Monday, October 31, 2016

Halloween

Halloween is the first of the great American candy holidays.  My kids have been excited about it for weeks, and they came home tonight with two buttloads of candy...seriously, the biggest bowl we had only held half of it.  Our three biggest bowls are now filled to the brim.  I have no idea how we will eat this much...I think I got about a tenth of this much candy when I was a kid and it made me fat.  Good thing we parcel it out a bit more than was the case when I was a kid.  If we can keep them (and me) from sneaking it, this candy might last us six months.

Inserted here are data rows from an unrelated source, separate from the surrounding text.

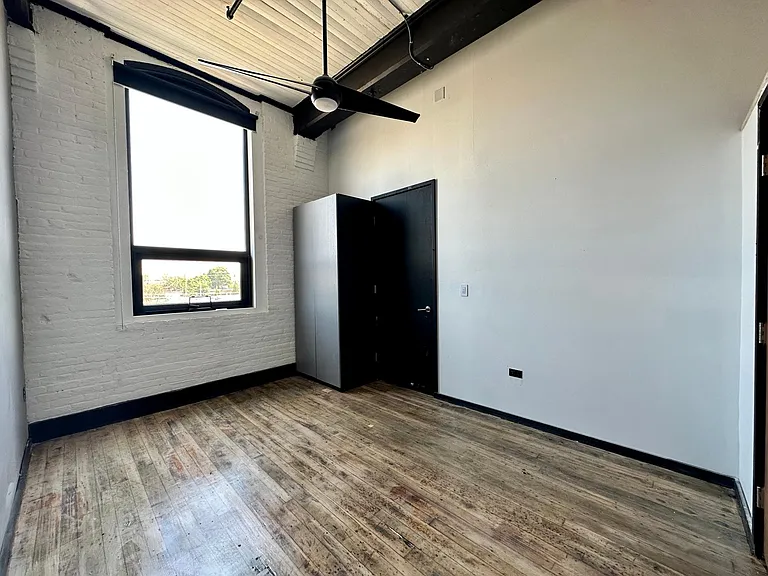 111 Summer St — Photo 32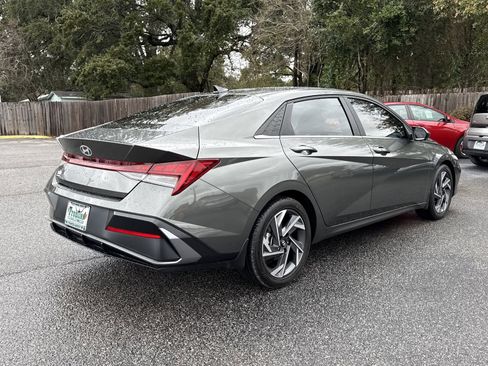 Used 2025 Hyundai Elantra SEL image 5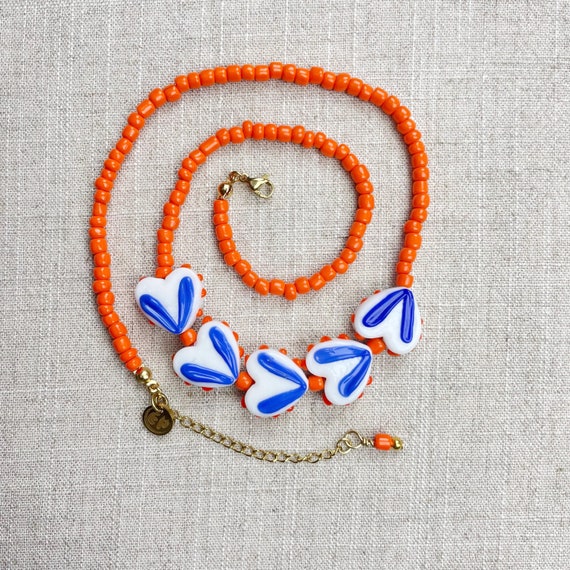 Lovie/// Orange White Heart Lampwork Glass Beaded Necklace (DEJ-BBCD13-OW)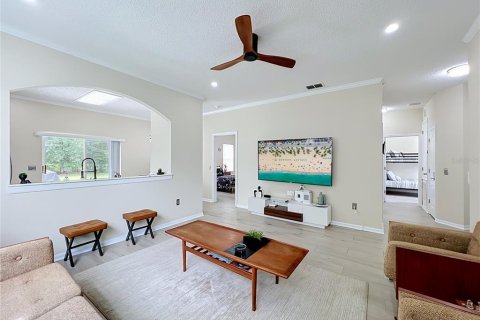 House in Clermont, Florida 3 bedrooms, 106.09 sq.m. № 2202568 - photo 5
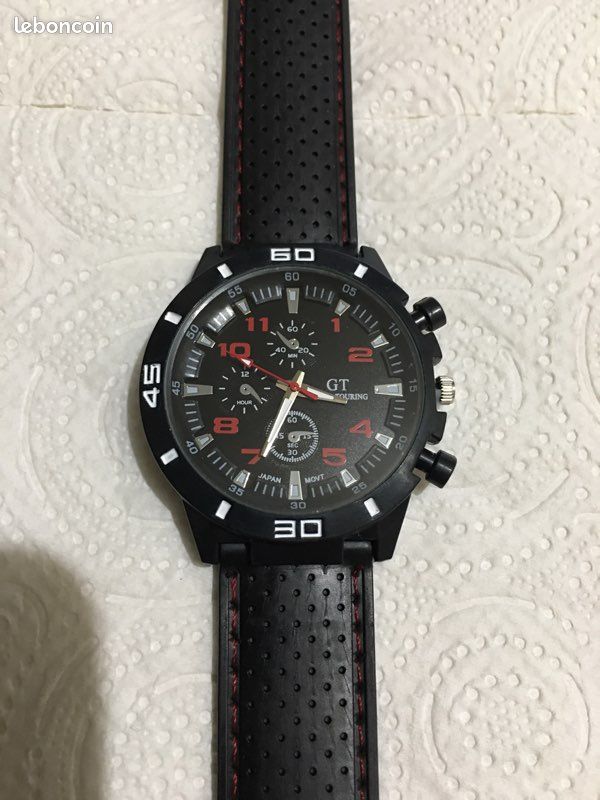 Jolie montre sport rouge et noir (image 1)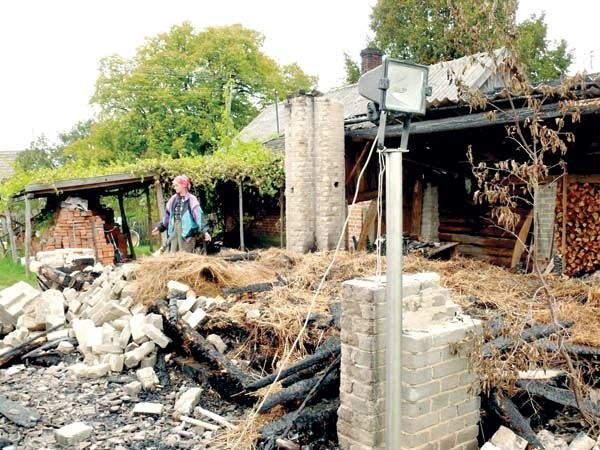 Spalona stodoła przy domu, gdzie mieszka Dorota Giec.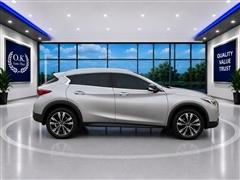 2018 Infiniti QX30 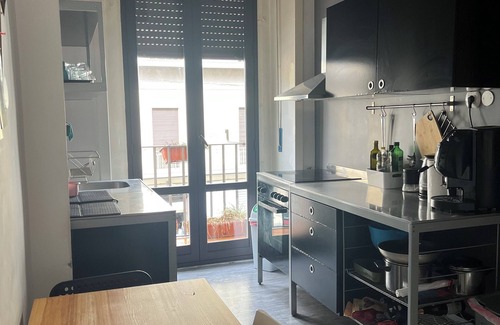 Borgo-Sanzio Apartamento | Bright, comfortable and inexpensive private rooms, 10 min from the historic center!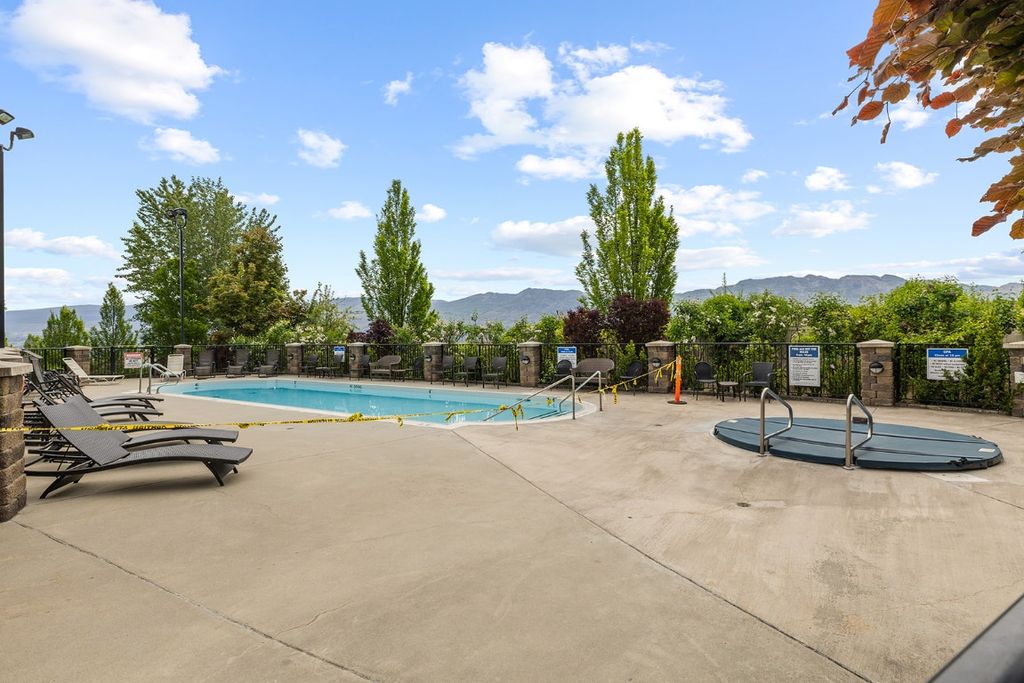 listing image 16512004086453303952
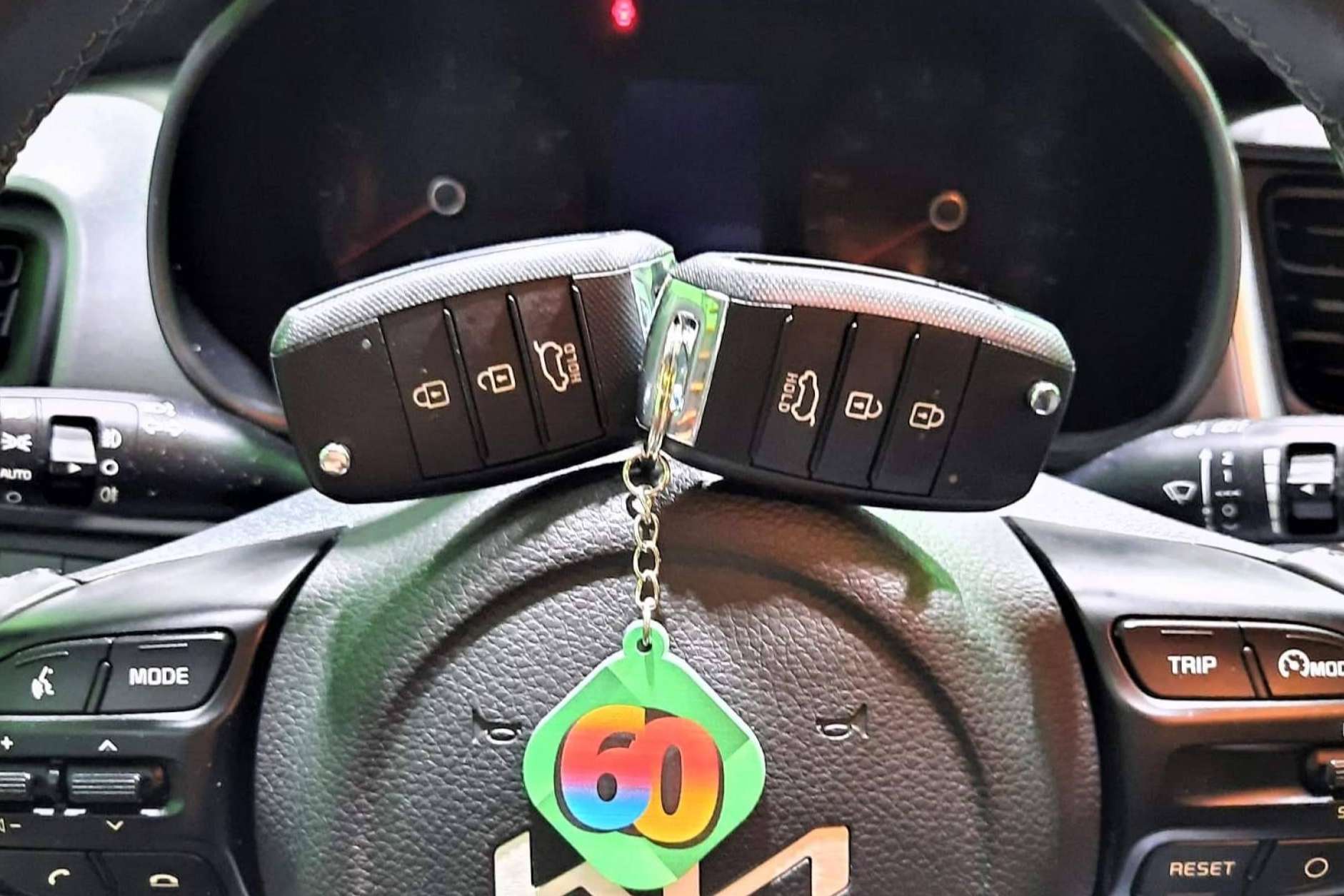 ¿Por qué es importante tener dos juegos de llaves del coche antes de irse de vacaciones?, según EGINER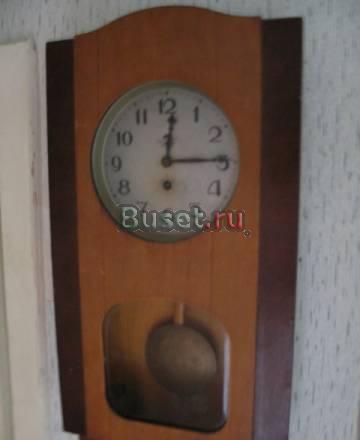 Часы настенные механические с маятником Москва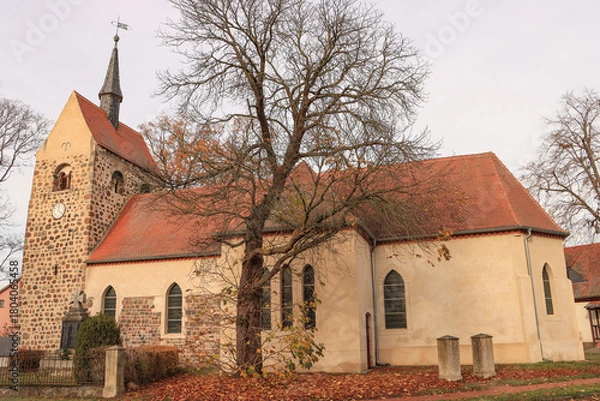 Fototapeta Dorfkirche in Lüderitz (Altmark)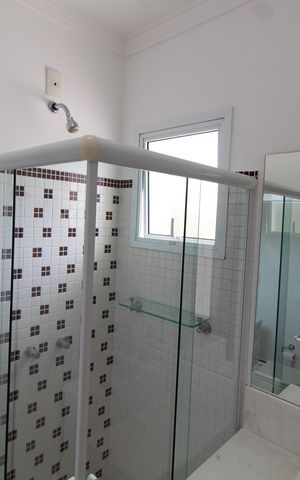 Casa de condomínio para alugar com 350m², 4 quartos e 2 vagas Casa de condomínio para alugar com 350m², 4 quartos e 2 vagasBanheiro da Suíte 3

As for me, though...I'm done with Halloween.  The cheap superhero costumes, the diabetic-inducing excess, the endless parties that waste yet another day of the kids' schoolyear (and then destroy any sense of discipline for a few weeks as the kids come down from a sugar high)...I really don't want to do this anymore.  What on earth turned a day in honor of the dead into raving children banging on doors demanding candy?  It's not cute, it's Trumpian in its deplorability.  I'm ready for it to go away completely.  It won't, of course.  Nor will the pounds that are put on again from all the high fructose corn syrup.

Forget taxing cigarettes or banning drugs...why aren't we doing more about this health nightmare?  I really would love to hear Michelle Obama talking about the virtues of giving out celery sticks and apples, but then I would also have to sit through endless fat pasty white Republicans talking about how unAmerican she is, even as they moan and gripe about how terrible our country has become.  And then I'd want to go and drive my car into a tree.

Now excuse me as I grumpily go and swipe a Kit Kat.

Friday, October 28, 2016

Ferris Bueller, revisited...

Today the kids were out of school so I pulled up on Netflix the great movie from my teenage years, Ferris Bueller's Day Off.  It was one of the most important movies of my younger days, and even today it still holds up, though it wouldn't be nearly as hard to get Sloan out of school and Principal Rooney would simply GPS track Ferris' cell phone.  Technology ruins movies!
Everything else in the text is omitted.